You met Martin Luther King Jr. a number of times. What’s his reputation now compared to back then?

It’s ennobled now. He was under attack when he was alive, and by people in his own community, and his own Baptist church. There was a lot more dissent.

You support President Obama, and it’s his Justice Department that’s staying on the case against you.

They have to enforce the law. They can’t pick out the laws they like and say we’re only going to enforce these and not others. I think they’ve been very gentle with me. They haven’t charged me yet with violating the law. I have an injunction, but there are ways they could have made my life miserable.

You grew up in a home that hosted refugees from Hitler’s Germany.

Our apartment was sort of a way-station. I’d lie on the floor and read the comics to them, helping them to learn English. I grew up sharing my bed with whoever the refugee of the week was, and I grew up exposed to an awareness of the atrocities. I swore at an early age I would devote my life to fighting that.


I was so imbued with America as the great savior. [The end of the war] was one of the greatest moments in my life. We were going to bring peace and democracy and justice to the world. Then we moved, and I landed in an all-white school, and when I went to register for class, there was a picket line protesting the admission of a black family who had moved into the neighborhood. And there collapsed my dreams of America. I demanded that I be registered along with this African American kid sitting on the principal’s bench. I was registered -- he wasn’t.

You just became a full professor of social work.

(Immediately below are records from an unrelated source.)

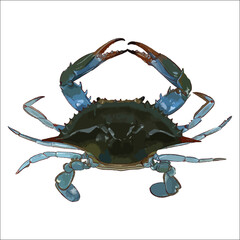 Vector of Blue Crab Illustration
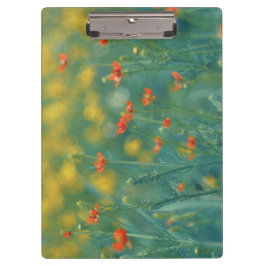 Carpeta De Pinza Flores de verano (Campo floral) (Flores rojas)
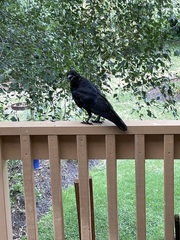 Corvus coronoides coronoides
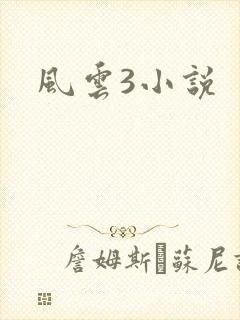 风云3小说
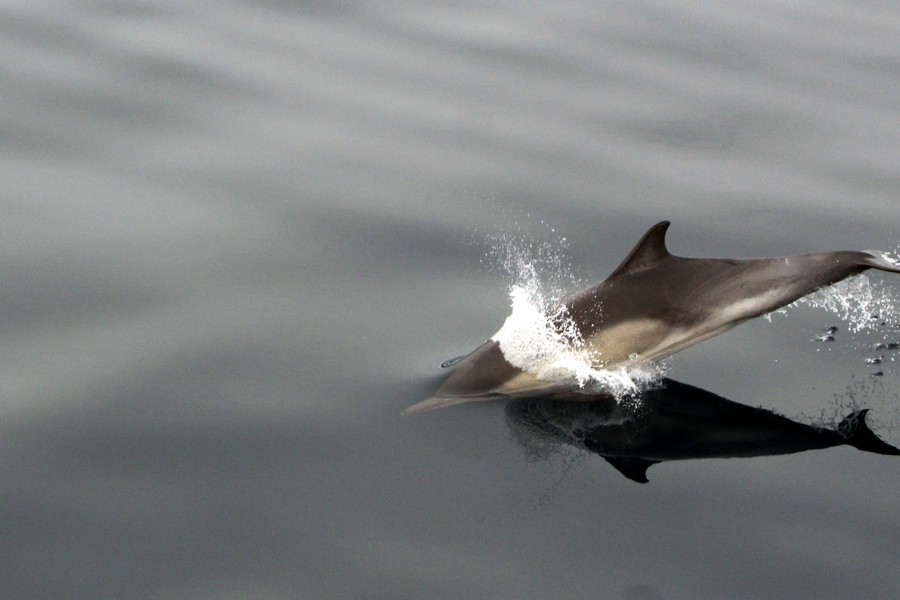 Common dolphin porpoising back in to the water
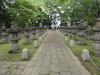 img0025.jpg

Your late wife, Madeleine, was engaged in homeless issues, as are you now.

That’s been my focus for several years. I try to impress on students studying social work the need to be committed to finding a solution to this homelessness. It’s been wonderful what [some students] have gone on to do. They’re so committed -- who would become a social worker? You’ve got to have a deep compassion for people [to do that job].

Your patriotism has been questioned. How would you define patriotism?

Commitment to the principles of the nation. Our founding principles are wonderful: “We hold these truths to be self-evident, that all men are created equal.” And we add women. I do believe in the basic goodness of most people. It’s been proven that when we bring the realities of justice to the American public, they respond with a conscientious commitment. That’s how we’ve brought about change in the last 50, 60 years. We just need to keep on.

Do you think your case can exemplify that?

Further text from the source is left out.